Start of Data records

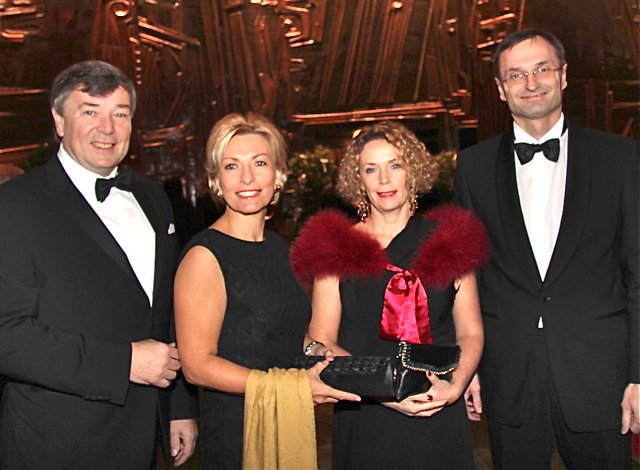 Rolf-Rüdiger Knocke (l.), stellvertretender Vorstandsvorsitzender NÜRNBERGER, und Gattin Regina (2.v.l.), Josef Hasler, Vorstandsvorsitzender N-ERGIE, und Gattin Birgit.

End of Data records
Start of Data records

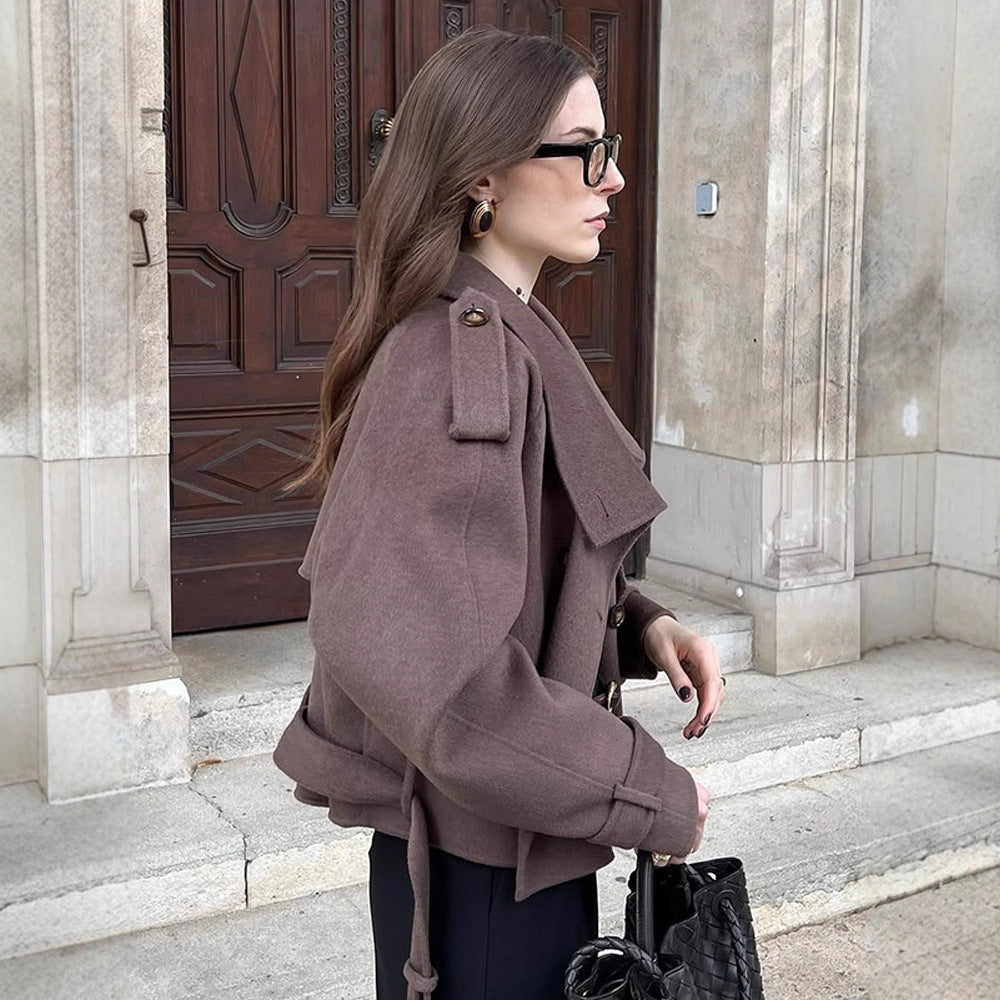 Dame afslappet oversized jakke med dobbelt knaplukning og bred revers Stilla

End of Data records
Start of Data records

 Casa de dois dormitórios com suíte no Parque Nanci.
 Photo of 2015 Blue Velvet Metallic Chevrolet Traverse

End of Data records

Work task: Reproducing the whole listing above is not the task. Copy exactly only the lines from the one with "Casa de dois" to the one with "Photo of 2015", both kept.

Solved problem:
 Casa de dois dormitórios com suíte no Parque Nanci.
 Photo of 2015 Blue Velvet Metallic Chevrolet Traverse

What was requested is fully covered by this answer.